仕事の役割が変わり、出社するメリットがほぼない状態になった。というかデメリットの方が多くて、そのせいもあり在宅勤務の日数がものすごい増えた。数年前は毎日出社していたので、環境の変化激しい。
在宅勤務をしていると、誰かに声をかけられることもなく、業務に集中できる。慣れると、非常にありがたいシステムだなと思うようになった。ただ、却って息抜きが上手にできず、ずっと座って何かをしていることにある日気づいた。出社すると、あっちにあれがある、こっちの誰に話をしに……ということがあるので、結構出歩いていて、それが息抜きになっていたようだ。その代わりに最近は朝や昼休み、夕方に近所の公園まで行くようにしている。夕方に公園に行くと、小学生が遊んでいることが多くて、缶コーヒーを飲みながらぼーっとしていると自ずと彼らの声が聞こえて来る。
「俺はそっち側の人間なんで!」と何度も繰り返す男の子がいて、それは自転車で行ける離れた公園にいる女の子たちに水鉄砲をお見舞いしてやろうという話をしているときの声だった。漫画でなかなか描かれることのない、その遊びに対して彼は、それをやったら自分が学校の先生に報告するというのだ。「襲撃しようぜ!」という、テレビか何かで覚えた言葉で、グループを焚きつけるリーダー格の少年らは困惑して、数人でなんとなく公園を後にしていた。
その様子は、明らかに同調圧力をかけている側に対して、あんまり納得いかずにもついていってしまう……というありがちな展開ではなく非常に新鮮に映った。「俺は先生に言う、そういう側の人間だ!」と何度も主張する姿に、圧力を受ける側の小学生も強いもんだな、と妙に感心してしまった。

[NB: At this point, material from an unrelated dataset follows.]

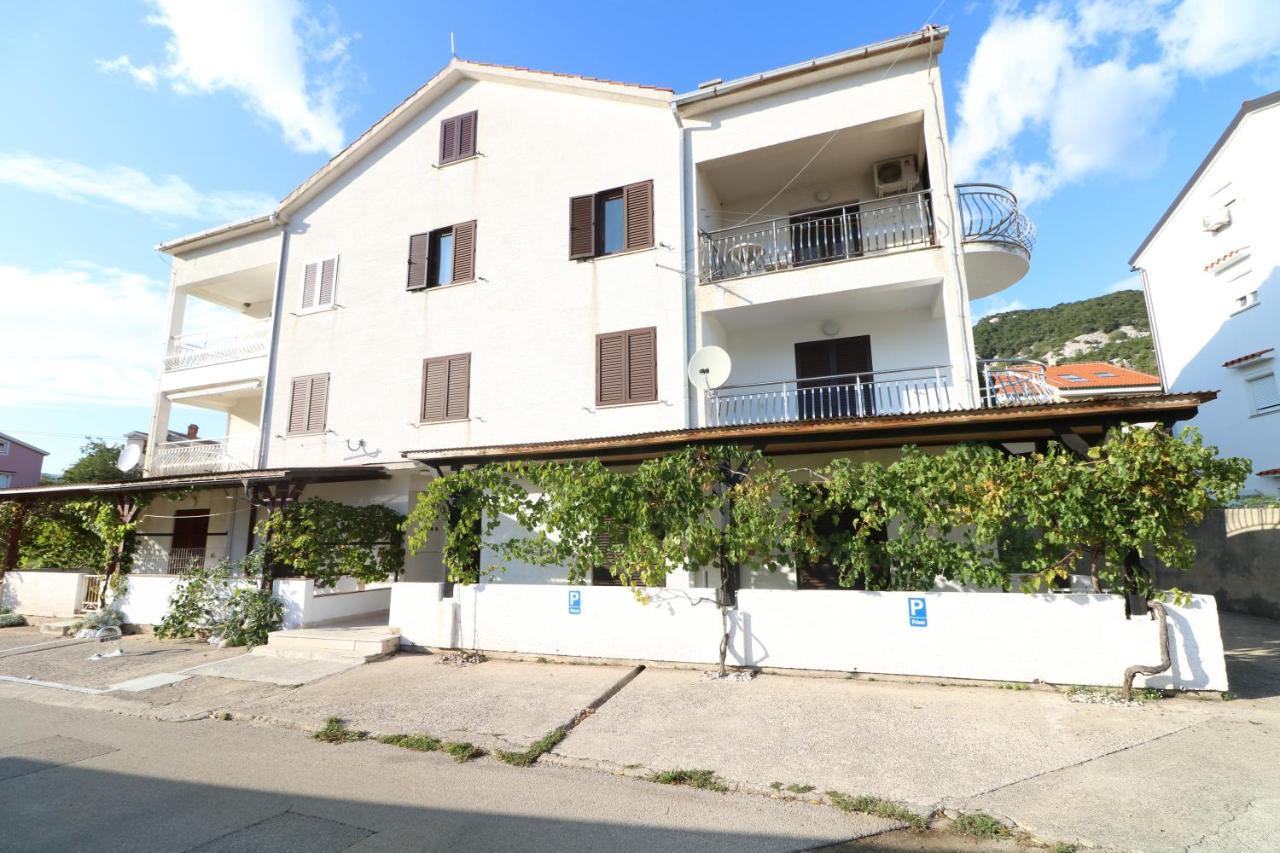 Apartments Vladan With Terrace Baška Kültér fotó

別の日は野球道具を一式持った集団がいた。遊び用のプラスチックのバットに蛍光色のボール………と思いきや、ボールがないらしい。なんだかずっと大声でやり取りをしている。どうやらボールを紛失してしまったようで、探しても見つからないようだ。もう一度探そうとか、誰が悪いとかずっと話している。「家に帰ると他にボールはあるのか?」みたいな話もあり、脱線しながらも、彼らのボール探しはずっと続いている。
それを見て「ボールひとつくらいでバカだな」なんて思って見ていたのだけど、小学生としては大きな問題だ。よく考えれば自分も同じ歳の頃に、父親とキャッチボールをしていたら明後日の方向にボールを投げてしまい、ボールがなくなり、怒られたことがある。ものを無くすということの恐怖感は子供の頃は計り知れない。
とはいうものの一方で「バカだな」という気持ちもぬぐいきれない。ただ、ふと我に帰ると自分も「何をそんな必死に」と思えるようなことがあることに気づいた。仕事をしていて、些細な失敗というか、正解を選べなかったことに後悔をするときがある。あと、デフォルトで丁寧にやりすぎている仕事というのもがあって、思うように進まないとがっかりする。どっちにしたって、気疲れが発生する。
多分、私が感じる後悔やがっかりも小学生が無くしたボールと同じなんだと思う。「何をそれくらいで、バカだな」という話だ。「とっとと謝ればいいだけ」だとか「数百円のもので何を必死に」なんて彼らは大人になったときに振り返るか、それとも、その後の人生に起きる色々な出来事に対して、ボールの件があまりにも些細すぎて忘れてしまうはずだ。
大人になると、さらに大人になるみたいな明確にステージが変わるシーンは少ないので「振り返れば些細なこと」と視座が変化することはあんまり起きない。はっきりと環境が変わるというと転職をするとか、遠くに引っ越すみたいなことがそれにあたるのだろうけど。なので「ボールをなくして必死になって、バカみたいだったよな」と思えることってあまりない。
小学生を見ていて「ボールをなくしたくらいで大変だな」と思うように、私も自分のことを「それくらいで、大変だな」とその日以来、思えるようになってきた。今の仕事はそこまでガチでやっていないのだから、そうやって自分を自分で眺めるみたいなことがしやすいのだと思う。必死になっていた前職では仕事のことばかり考えてたけど、今は他にもやることがたくさんあるのでバシッと定時で帰るし、という。